Kalimat edan dari mulut Ilham terasa bagaikan ledakan petir di siang bolong namun kutahan diriku dalam diam seribu bahasa. Tiba-tiba...
"Itu Kak, kupu-kupunya terbang ke arah hutan. Aku menunjuk seekor kupu-kupu besar berwarna hitam dengan bercak kuning pada sayapnya."
"Tunggui aku disini..."
Lelaki perkasa itu segera berlari mengejar kupu-kupu yang kulihat. Dia mengayunkan jaringnya dan berhasil menangkap seekor kupu-kupu di dalamnya. Aku terpukau melihat gerakan indah Ilham saat menangkap kupu-kupu. Begitu luwes dalam pandangan mataku.
"Jangan bengong saja, ambil kupu-kupunya, ntar keburu rusak sayapnya."
"Itu apa Kak?" aku menunjuk sebuah kantong plastik di tangan Ilham.
"Aku dapat gundukan serasah baru untuk Astrid saat menegejar si cantik ini.
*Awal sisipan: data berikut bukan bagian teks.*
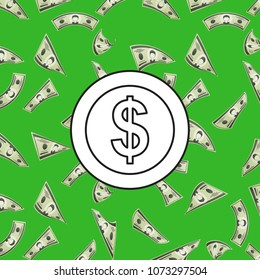Dollar logo on green background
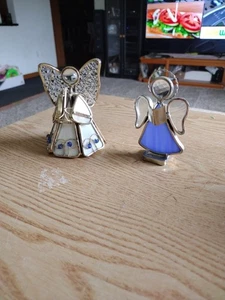 conjunto vintage detallado vitral ángeles decoración navideña atrapasoles artesanales - Imagen 1 de 19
Lumayanlah menambah koleksi fauna tanah yang dicarinya."
Aku kembali mendengus kesal. Dengan kasar kumasukkan kupu-kupu itu ke dalam killing bottle berisi kapas beralkohol.Â
"Kamu kenapa sih? Dari tadi monyong saja kalau kusebut nama Astrid. Jangan-jangan kamu..."
"Aku kurang nyaman mendengar nama Astrid selalu disebut setiap kali kita ketemu."
"Astrid kan temanmu, dia bukan siapa-siapaku loh."